The same fit parameters for flares tend to be found in a radius of about 2 degrees.
We can also look at the duration of the most significant flare found (in log10(days)), here also plotted including under-fluctations.
Due to the method of finding flares very long widths are returned when no interesting flare is found (here in red).
I have a plot of the signal-ness of the events (including the energy term) as a function of distance to the tested spot. Left is for data, where the black line is the median weight. It tells me that the an event two degrees away from my source will have an average S/B of ~10^3.
The right plot was made with E^-2 spectrum signal injected from the source. A zoomed-in on the interesting region of this plot is available on the wiki.

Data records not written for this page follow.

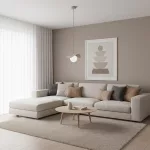 EMIBIG RITUAL 1S MOKKA Bézs Beltéri Függőlámpa G9 IP20 EB-1632-1S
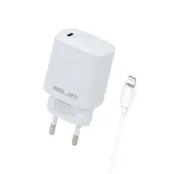 Beline Väggladdare Med USB-C Till Lightning Kabel - Vit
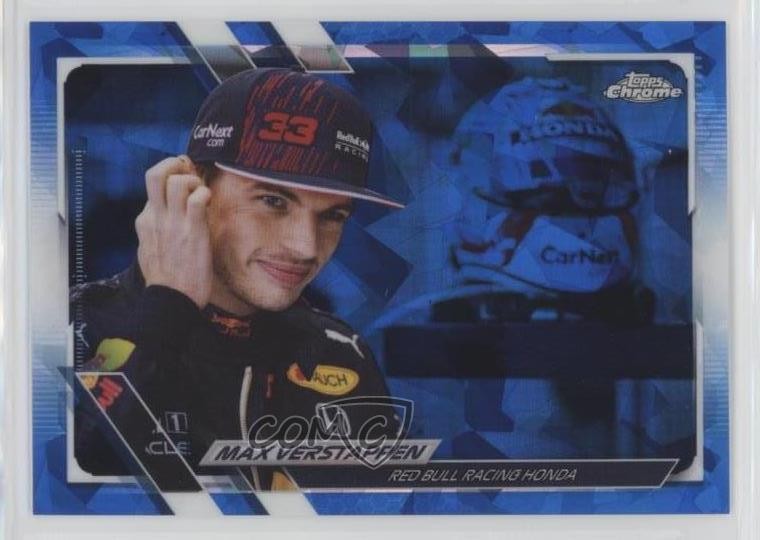 2021 Topps Chrome Sapphire Formula 1 F1 Racers Max Verstappen #43 0q60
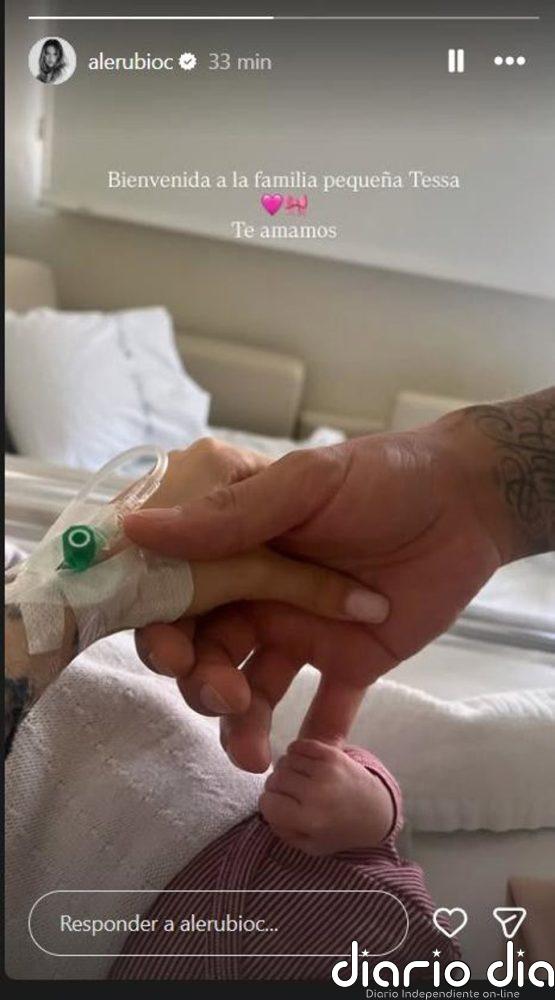Alejandra Rubio comparte la primera imagen de su hija y revela su nombre, con guiño a su madre y a su abuela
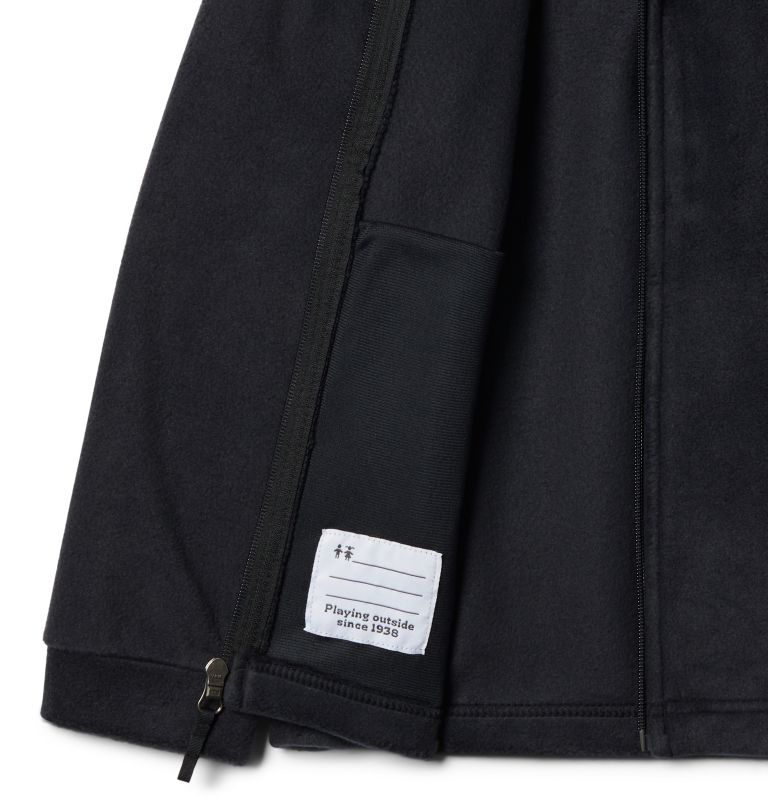 Boys' Steens Mountain II Fleece Jacket, Color: Black, image 4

Levent asked about how well we\'d be able to reconstruct the flare event parameters if we do see something. I did a quick check to see how much that will depend on the flare itself vs the number of signal events.
Here I inject exactly 2 E^-2 spectrum events and check what the reconstructed parameters are as a function of the true flare width. With only 2 injected events, a few percent of trials one of the events is mis-reconstructed and the flare is missed.
It looks like flare widths are reconstructed within around +0.2/-0.3 of the log10(width) for 5 events, and +0.2/-0.5 of the log10(width) for 2 events.
Here is the same set of plots for exactly 5 E^-2 signal events injected.
I also had a look at what the DP and AUL looks like converted into fluxes, to try to compare to GRB analyses. Alexander also asked about how this would perform with something like the “naked-eye” GRB. I still need to think about this a bit, but it\'s very interesting!
One final point on the periodic search, I did a bit more investigation comparing the case where we use marginalization vs. not. I find that it leads to a greater number of under-fluctuations from scrambled samples (see arrows below). This effect is large enough that it skews the averaging in the AUL to higher values than we would expect from the time-integrated search.
– Large crosses are the result for exactly n=0,1,2... injected events (size reflects error in Y), the dotted line is the Poisson average.
– Blue lines mark the result for the AUL in each case.